Material supplied START

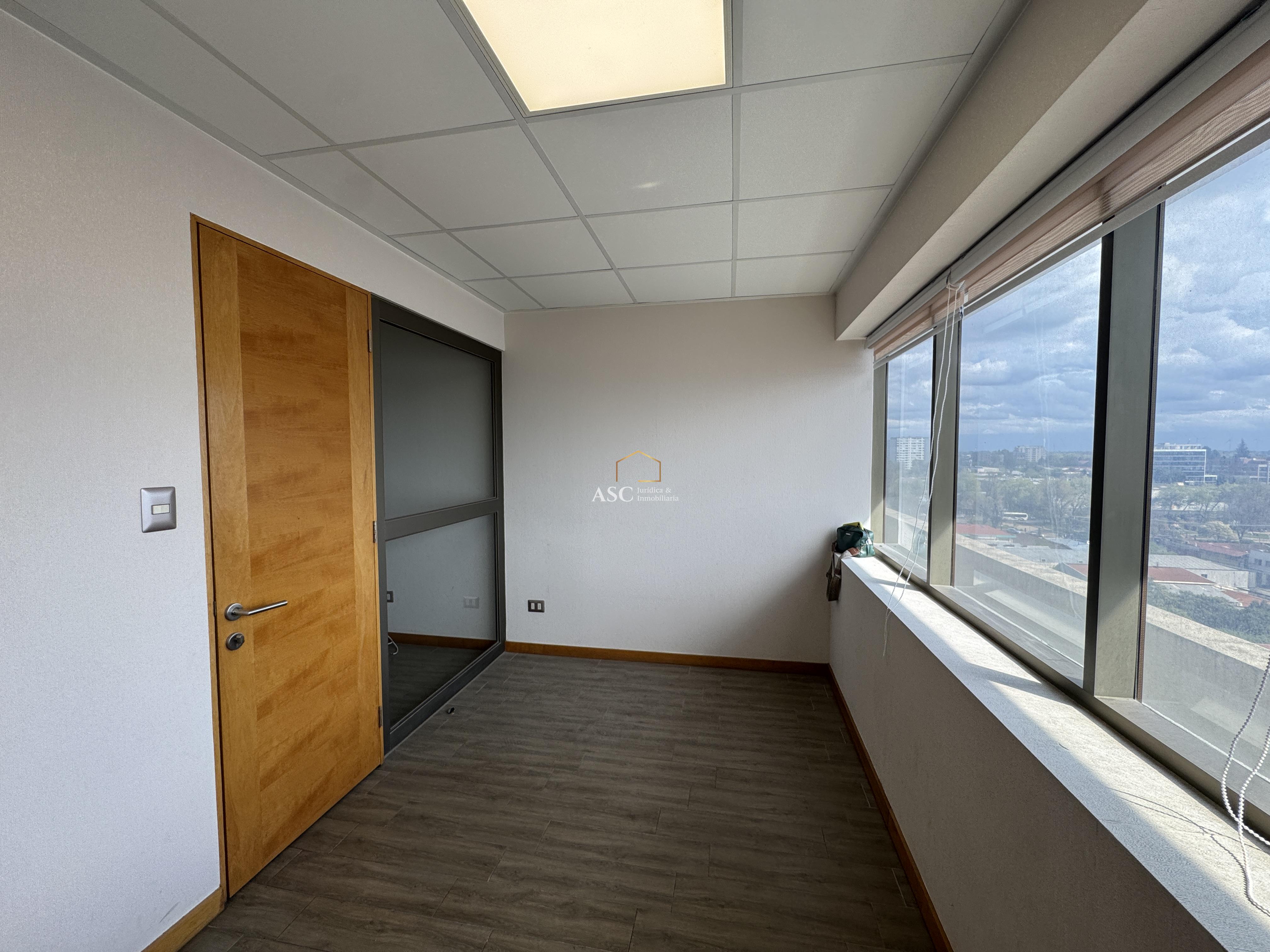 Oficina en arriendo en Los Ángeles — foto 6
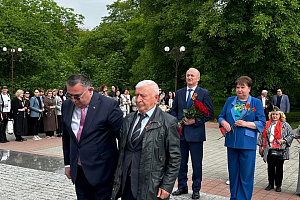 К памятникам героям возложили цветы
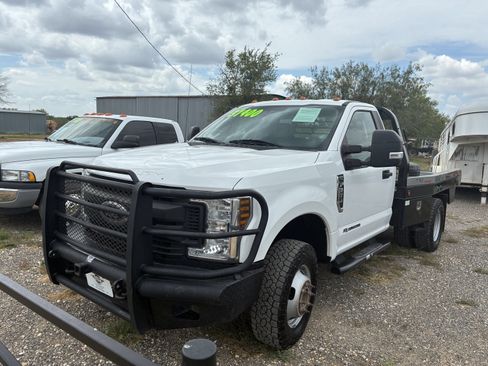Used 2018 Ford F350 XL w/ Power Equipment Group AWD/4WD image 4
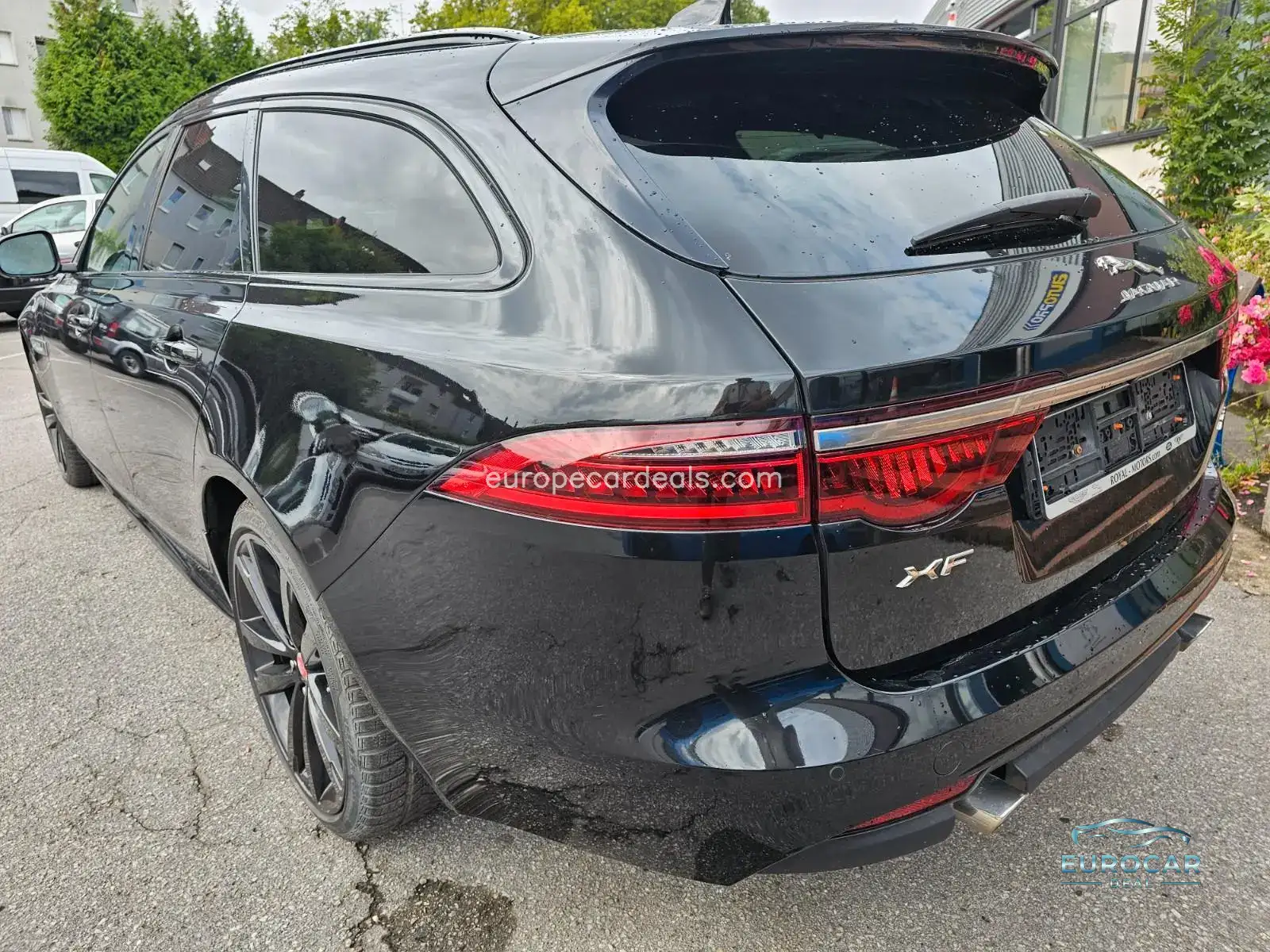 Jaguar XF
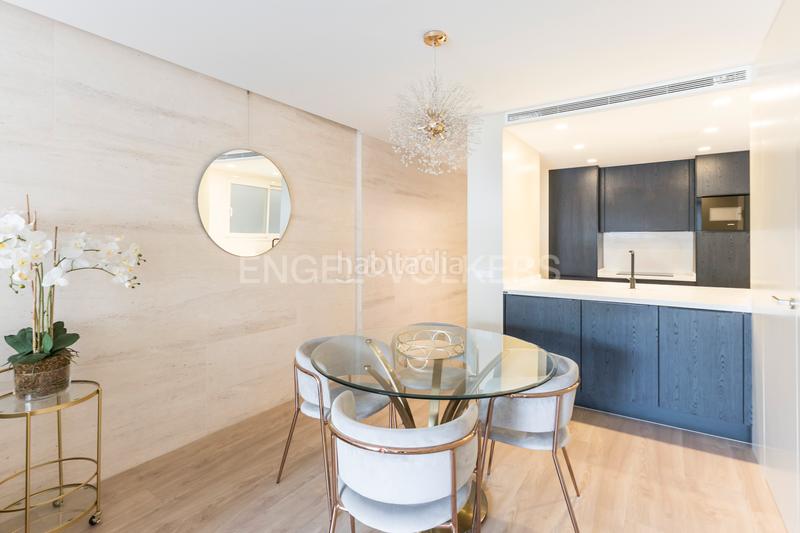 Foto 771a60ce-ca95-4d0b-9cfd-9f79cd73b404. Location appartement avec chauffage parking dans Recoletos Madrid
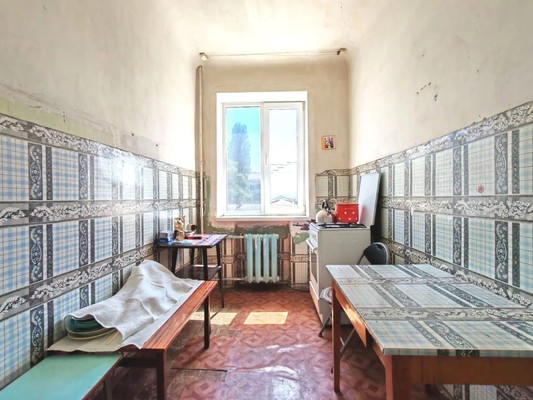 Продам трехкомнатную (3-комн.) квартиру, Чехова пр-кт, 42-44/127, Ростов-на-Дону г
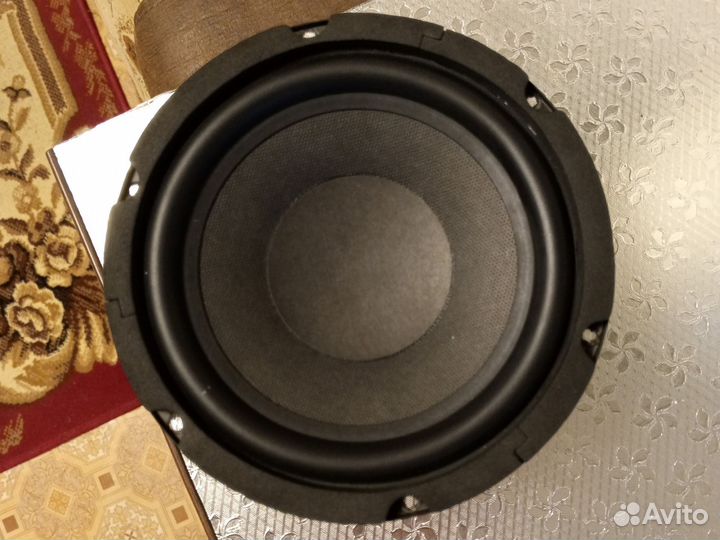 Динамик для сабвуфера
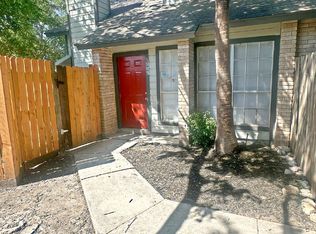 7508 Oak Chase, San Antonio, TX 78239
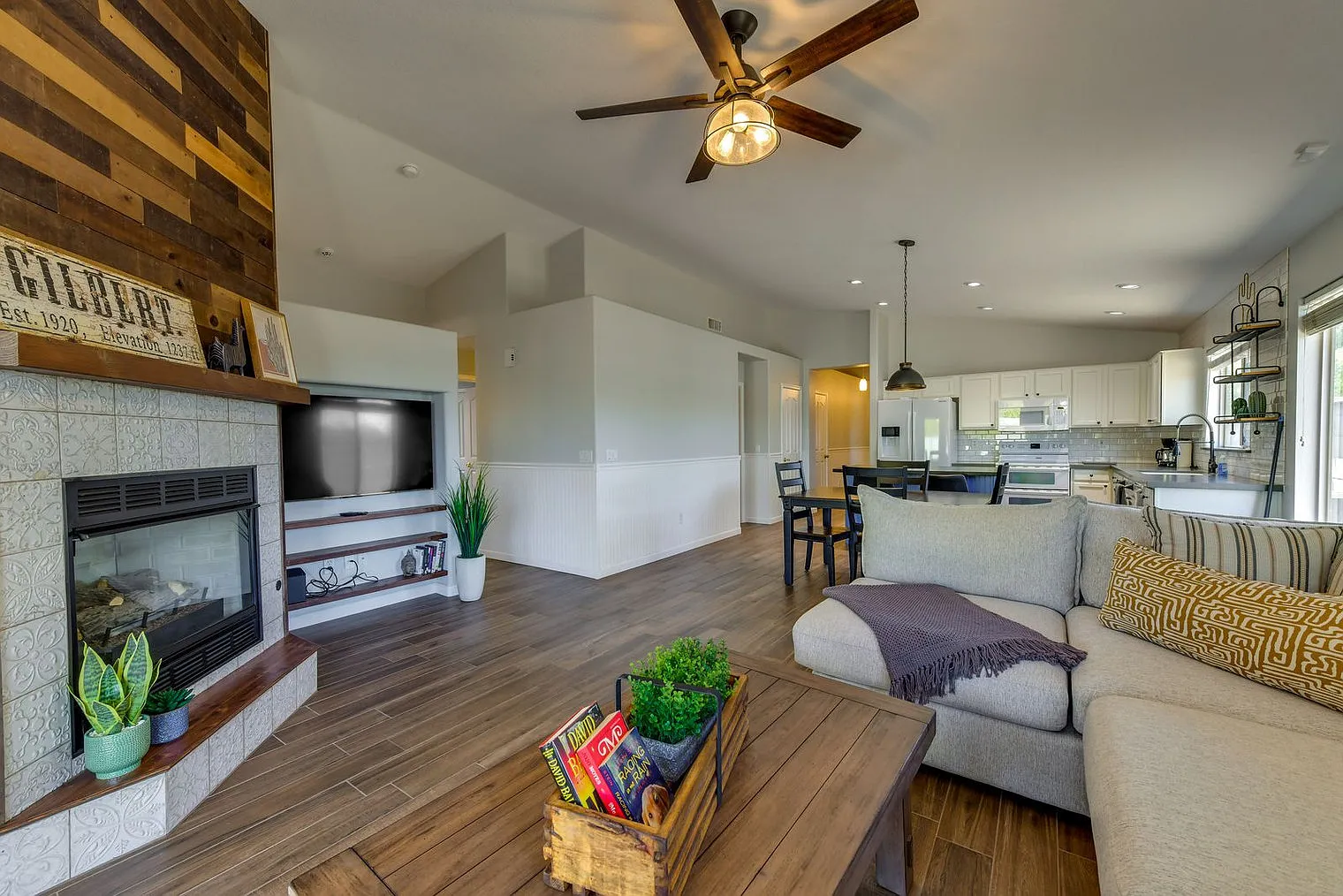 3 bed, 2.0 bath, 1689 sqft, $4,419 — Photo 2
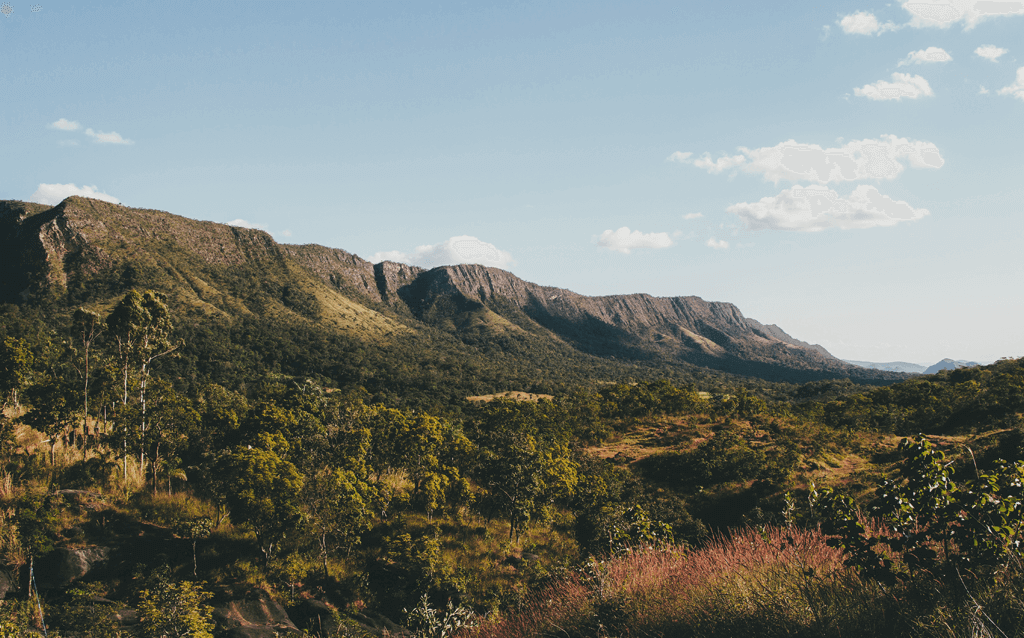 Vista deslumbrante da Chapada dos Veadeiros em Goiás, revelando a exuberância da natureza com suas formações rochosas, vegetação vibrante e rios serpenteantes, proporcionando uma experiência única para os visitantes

Material supplied END

Set down again, word for word, every line from the one with "Foto 771a60ce-ca95-4d0b-9cfd-9f79cd73b404. Location" to the one with "3 bed, 2.0 bath, 1689 sqft, $4,419 — Photo 2" in the entries above, and omit the pictures.

 Foto 771a60ce-ca95-4d0b-9cfd-9f79cd73b404. Location appartement avec chauffage parking dans Recoletos Madrid
 Продам трехкомнатную (3-комн.) квартиру, Чехова пр-кт, 42-44/127, Ростов-на-Дону г
 Динамик для сабвуфера
 7508 Oak Chase, San Antonio, TX 78239
 3 bed, 2.0 bath, 1689 sqft, $4,419 — Photo 2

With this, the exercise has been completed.